Tess: Well, what I find fascinating about that very topic, the Rotwelsch as a view of the world is, as you mentioned earlier, terms shifted and changed according to the level of secrecy that was necessary. In last week's fascinating conversation about motherless tongues, Eric Tsimi talked about Camfranglais, the Cameroonian mixture of the native language, French and English, as a vernacular, that was, in a sense, a resistance to the colonizers. And part of the mechanism of creating Camfranglais and using it against the occupying or controlling forces was adopting terms, changing them, in fact, recycling them. And you, Martin, talk about recycling, Rotwelsch as a language that recycles based on a way of life that is heavily focused on recycling. So I'd like to actually hear both of your thoughts on language, as resistance, minor languages, subversive languages. And also, it's sort of the one thing that gives me hope that we won't be stuck with the one very beautiful rose of English, but perhaps, Martin, you could talk about the idea of recycling within language.

Martin: Yeah, and I love this idea of recycling. It was actually given to me by a Yenish speaker, sort of a modern variant of Rotwelsch, who said "We nomadic peoples, "we have to recycle everything, "including our language." But so recycling is one thing, but you also mentioned this kind of secrecy and resistance from Camfranglais, and I would say in Rotwelsch that's very, very similar. It's not so much, so it's complicated. Because on the one hand, there is this one, the view of the police, which is that these Rotwelsch speakers deliberately created a secret language in order to sort of plot the next heist and so on and so forth. So there's a large amount of paranoia, I think, also part of it. And so everyone says, oh, it's a secret language. And they sort of made it up. They made it secret. And that occasionally happens, but we know that's not really how a language emerges, a bunch of people getting together and saying, we're gonna come up with a secret language. I mean, I talk a little bit about Esperanto. I mean, there's something slightly, maybe artificial about creating an artificial lingua franca, but in any case, but I think more plausible is what you describe as an analogy to Camfranglais, Tess, namely that it is, you take languages from the, words from the major languages. You mix them. Sometimes you take them from minor languages, too. So these speakers took a lot of words from German, but also from Yiddish, which is sort of a, also a language, to some extent, of migration and the road in Central Europe.
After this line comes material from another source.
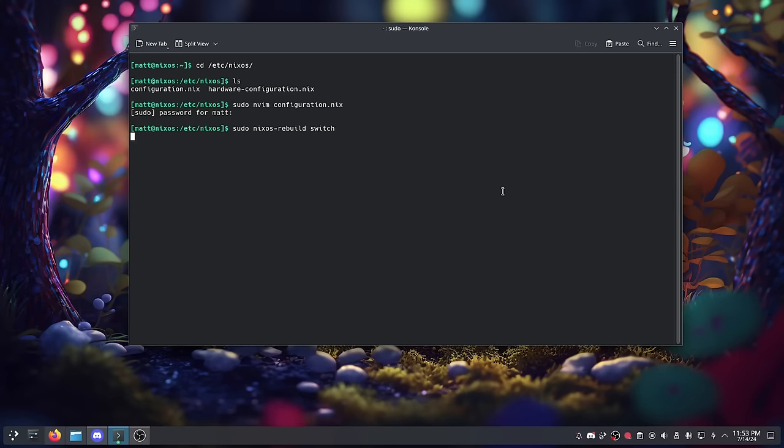Another reason why the NixOS configuration file is so cool is reproducibility. You can take that configuration file, reinstall your existing system with it, and start fresh but with all your apps, services, and users set up by running just one command. You can also take that configuration file, put it on another computer with NixOS, run that one command, and have an exact replica. If you have multiple computers, being able to have the exact same setup on all of them is really powerful.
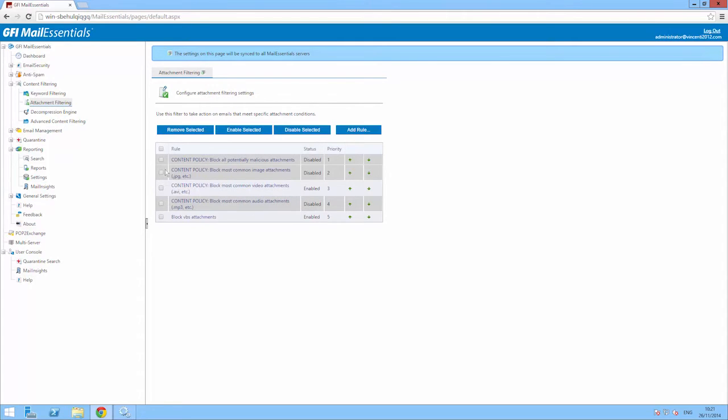A number of attachment filtering rules are available by default and these block potentially malicious attachments, images, videos, and audio attachments. All you have to do is enable the filters you want to use and you're all set to go.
And also from, from Romani, the language of the Sinti and Roma, who were sort of more linguistically defined as separate, but to some extent, occupied an overlapping milieu. And so you take words, you recycle them, you change them. And that is a form of resistance. And I think, to that extent, there is something to the secrecy because part of the tool that this language provided was to create a community in the face of incredible amount of opposition and persecution. I think that's true.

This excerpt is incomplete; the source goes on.